We can combine the role of the dictionary and the function here by making a callable struct which contains the parameters, equivalent to a closure. Passed explicitly to `gradient`

, we get a named tuple with the same field names:

```
julia> struct Linear
W
b
end
julia> (l::Linear)(x) = l.W * x .+ l.b
julia> model = Linear(rand(2, 5), rand(2))
Linear([0.267663 … 0.334385], [0.0386873, 0.0203294])
julia> dmodel = gradient(model -> sum(model(x)), model)[1]
(W = [0.652543 … 0.683588], b = [1.0, 1.0])
```

Zygote also supports another way to take gradients, via *implicit parameters*. Here the loss function takes zero arguments, but the variables of interest are indicated by a special `Params`

object.
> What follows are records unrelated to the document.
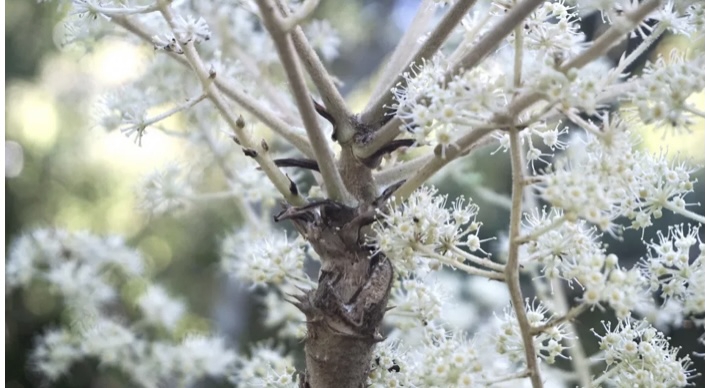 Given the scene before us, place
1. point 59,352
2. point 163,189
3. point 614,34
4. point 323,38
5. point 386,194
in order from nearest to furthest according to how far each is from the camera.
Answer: point 614,34 < point 386,194 < point 163,189 < point 323,38 < point 59,352

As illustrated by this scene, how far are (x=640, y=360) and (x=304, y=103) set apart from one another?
251 mm

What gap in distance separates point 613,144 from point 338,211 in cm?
16

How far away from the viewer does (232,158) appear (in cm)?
85

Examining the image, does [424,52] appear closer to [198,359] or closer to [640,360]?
Answer: [640,360]

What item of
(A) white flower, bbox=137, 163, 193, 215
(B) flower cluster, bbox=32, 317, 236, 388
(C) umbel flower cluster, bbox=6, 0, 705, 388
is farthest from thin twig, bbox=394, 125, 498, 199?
(B) flower cluster, bbox=32, 317, 236, 388

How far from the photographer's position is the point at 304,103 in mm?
365

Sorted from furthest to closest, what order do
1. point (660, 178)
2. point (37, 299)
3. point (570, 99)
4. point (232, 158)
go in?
point (37, 299), point (232, 158), point (660, 178), point (570, 99)

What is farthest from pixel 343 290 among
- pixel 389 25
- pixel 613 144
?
pixel 389 25

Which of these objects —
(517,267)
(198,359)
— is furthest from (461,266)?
(198,359)

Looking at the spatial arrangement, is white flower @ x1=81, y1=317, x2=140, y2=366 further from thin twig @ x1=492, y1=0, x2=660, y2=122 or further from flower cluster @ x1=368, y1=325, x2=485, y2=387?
thin twig @ x1=492, y1=0, x2=660, y2=122

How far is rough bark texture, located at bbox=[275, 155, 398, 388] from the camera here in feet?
1.37

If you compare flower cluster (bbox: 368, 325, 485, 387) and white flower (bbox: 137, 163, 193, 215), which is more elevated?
white flower (bbox: 137, 163, 193, 215)

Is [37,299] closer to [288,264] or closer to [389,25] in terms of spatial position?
[389,25]

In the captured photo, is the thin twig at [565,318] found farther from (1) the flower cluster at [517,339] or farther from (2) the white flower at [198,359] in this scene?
(2) the white flower at [198,359] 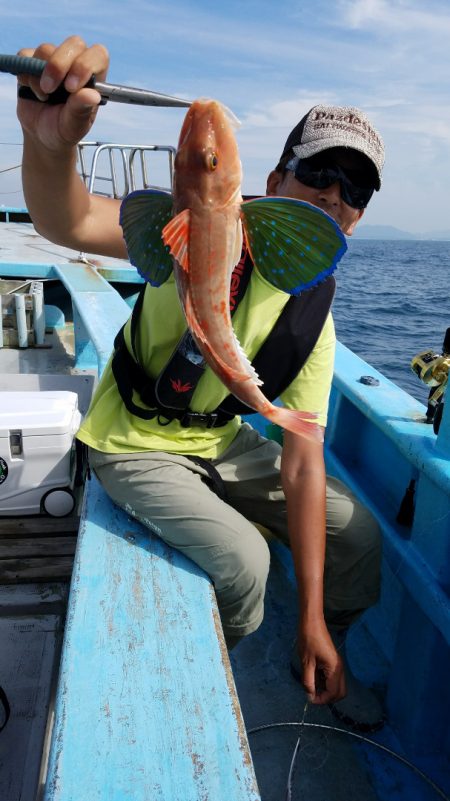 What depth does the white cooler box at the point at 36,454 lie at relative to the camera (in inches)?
121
The function `linear`

which depends on `W`

and `b`

is executed when the loss function `() -> sum(linear(x))`

is called, and hence this dependence is visible to Zygote:

```
julia> W = rand(2, 5); b = rand(2);
julia> linear(x) = W * x .+ b
linear (generic function with 2 methods)
julia> grads = gradient(() -> sum(linear(x)), Params([W, b]))
Grads(...)
julia> grads[W], grads[b] # access gradients using arrays as keys
([0.652543 … 0.683588], [1.0, 1.0])
```

Here `grads`

is a dictionary-like object, whose keys are the same parameters we indicated in `Params`

. (In fact it wraps a dictionary using `objectid(W)`

as keys, which does not change if the values in `W`

are mutated).

This implicit style is the one presently used by Flux.jl, a closely related machine learning library. It uses structs like `Linear`

above to define layers, and the function `Flux.params(model)`

returns a `Params`

object containing all the parameters of all layers. See its documentation for more details. When using Zygote for most other purposes, however, the explicit style is usually preferred.